'''

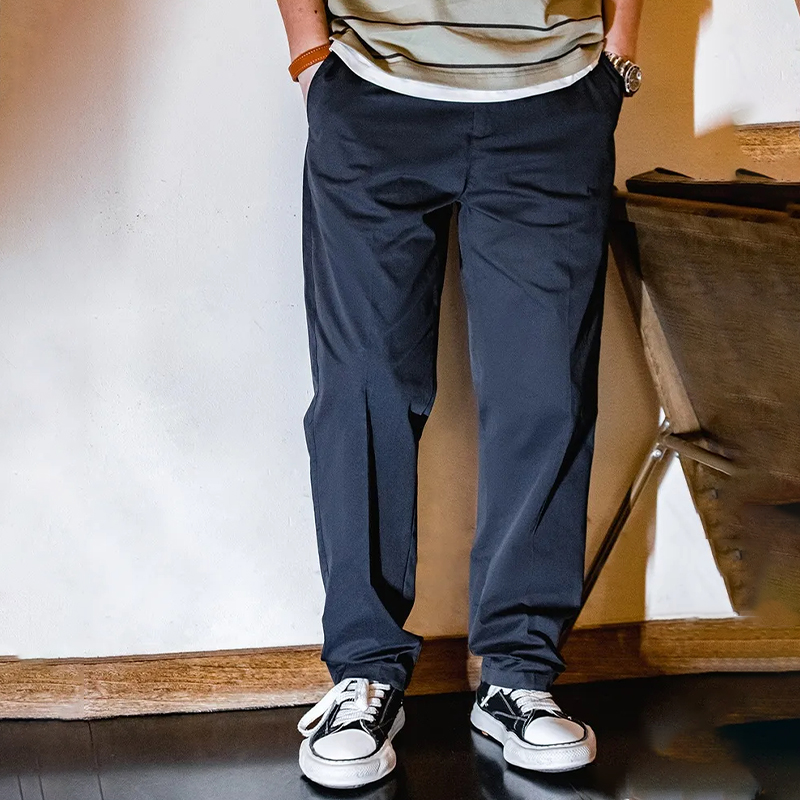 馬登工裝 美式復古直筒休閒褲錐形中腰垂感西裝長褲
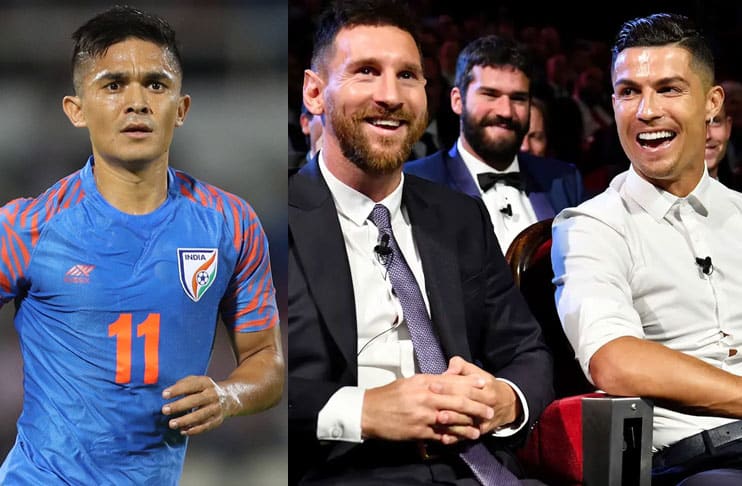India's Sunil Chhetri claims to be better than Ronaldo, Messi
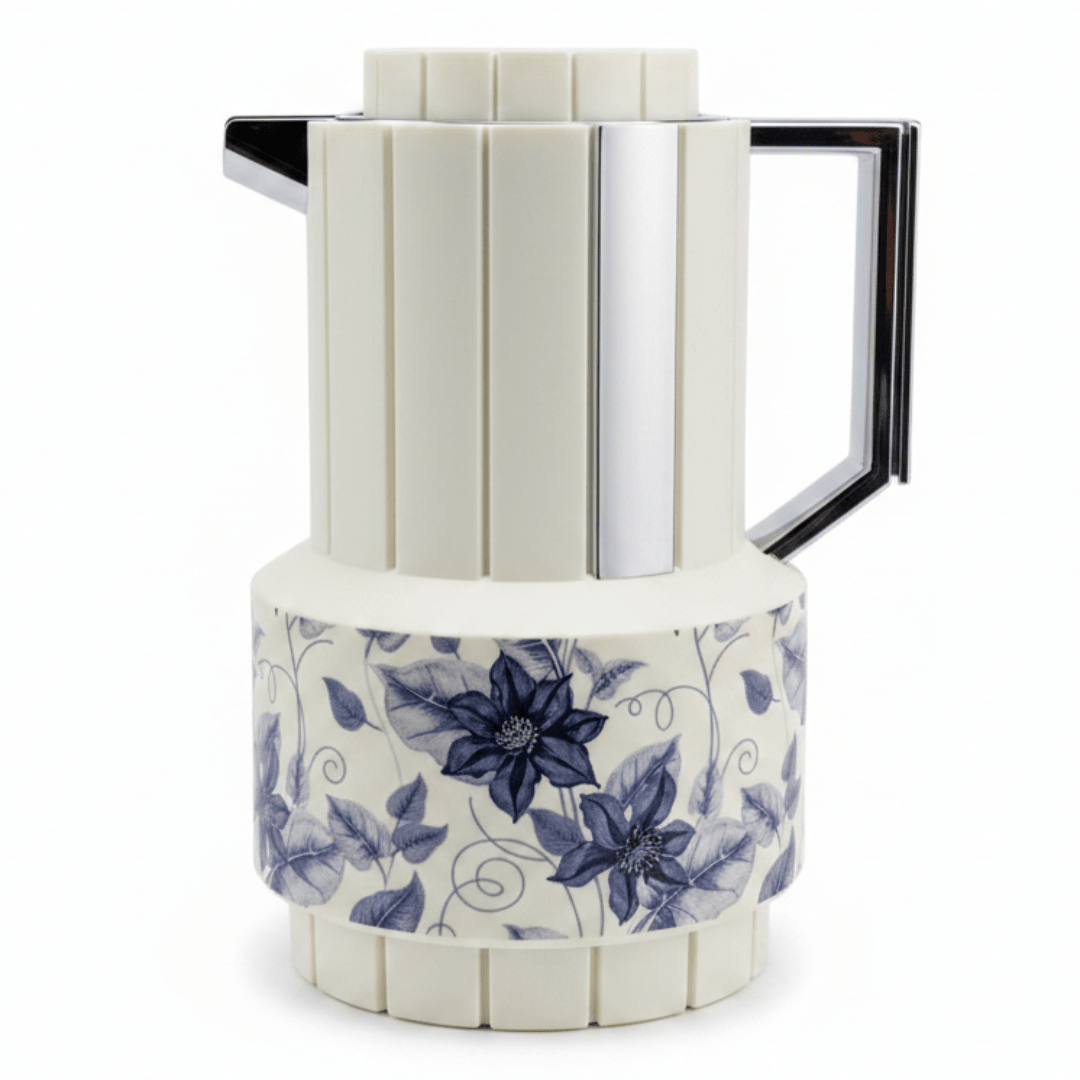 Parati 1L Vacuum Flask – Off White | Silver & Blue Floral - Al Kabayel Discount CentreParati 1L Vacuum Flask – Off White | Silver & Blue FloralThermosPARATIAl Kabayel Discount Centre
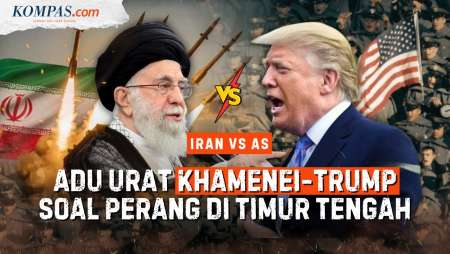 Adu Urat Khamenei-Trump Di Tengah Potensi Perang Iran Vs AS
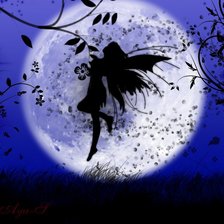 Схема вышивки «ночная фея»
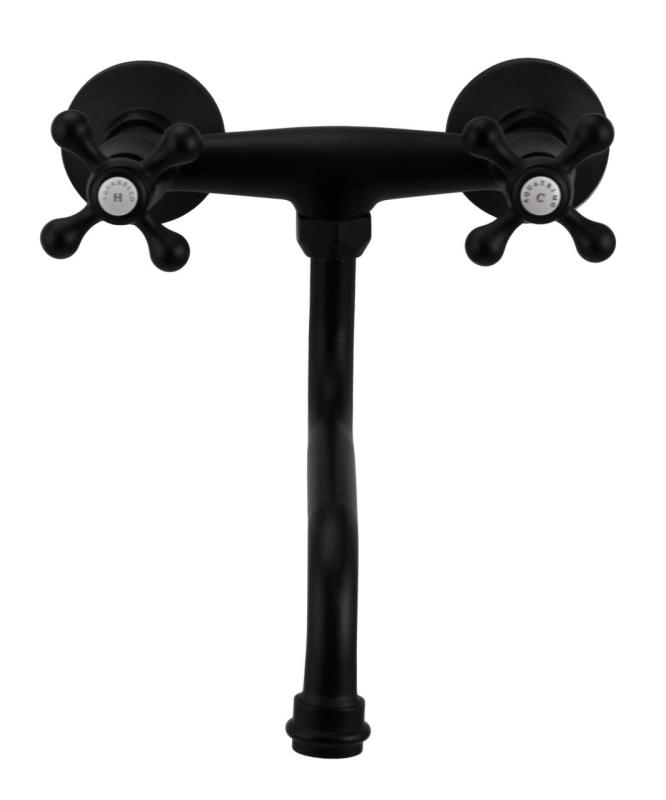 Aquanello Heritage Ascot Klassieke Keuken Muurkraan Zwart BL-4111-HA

'''
'''

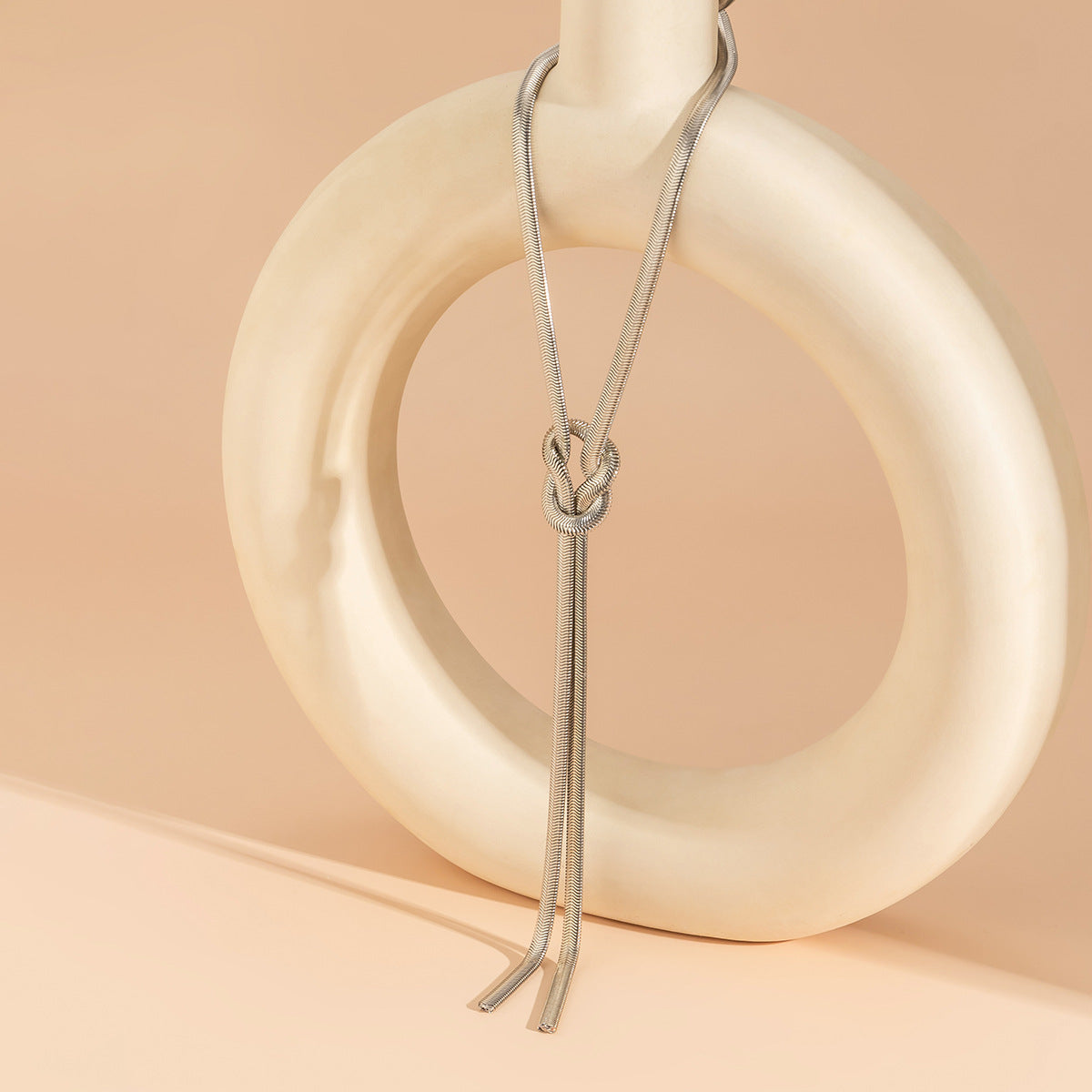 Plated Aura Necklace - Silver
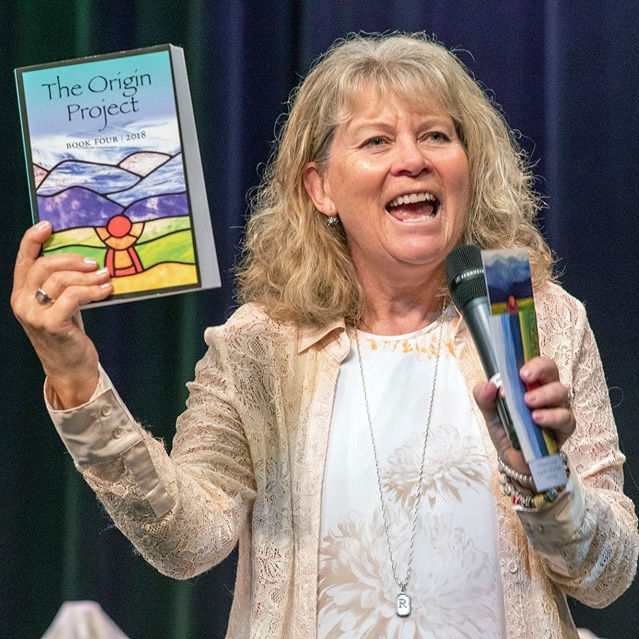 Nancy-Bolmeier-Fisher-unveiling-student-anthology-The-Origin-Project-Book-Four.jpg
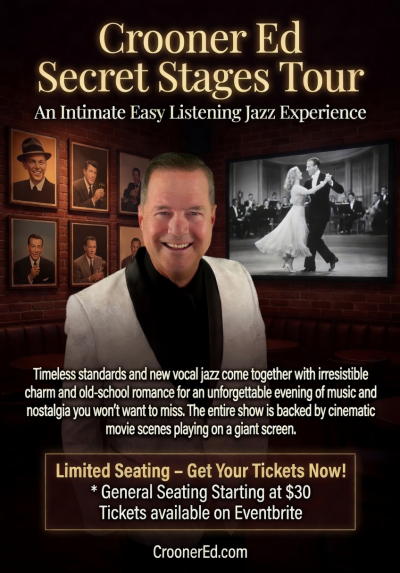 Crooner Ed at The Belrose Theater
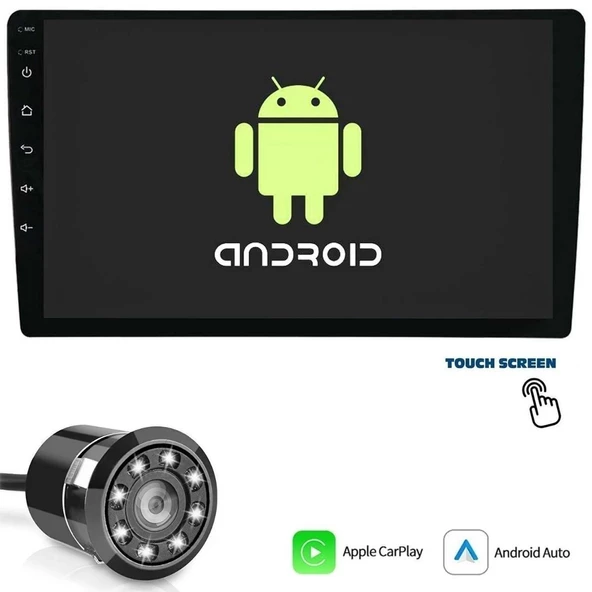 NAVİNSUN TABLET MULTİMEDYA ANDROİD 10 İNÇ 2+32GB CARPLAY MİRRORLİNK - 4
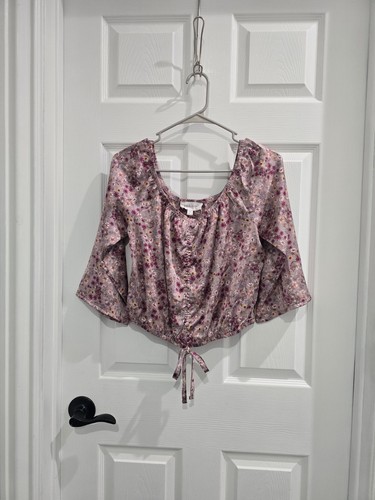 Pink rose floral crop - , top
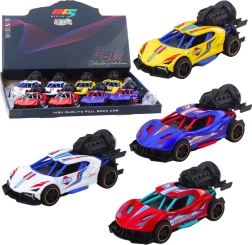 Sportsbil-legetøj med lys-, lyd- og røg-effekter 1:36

'''

_What you should do_. Which part of the entries opens with the line containing "FloralThermosPARATIAl Kabayel Discount Centre" and closes with the line containing "Aquanello Heritage Ascot"? Output that part exactly, ends included, pictures excluded.

_Response to this task_.
 Parati 1L Vacuum Flask – Off White | Silver & Blue Floral - Al Kabayel Discount CentreParati 1L Vacuum Flask – Off White | Silver & Blue FloralThermosPARATIAl Kabayel Discount Centre
 Adu Urat Khamenei-Trump Di Tengah Potensi Perang Iran Vs AS
 Схема вышивки «ночная фея»
 Aquanello Heritage Ascot Klassieke Keuken Muurkraan Zwart BL-4111-HA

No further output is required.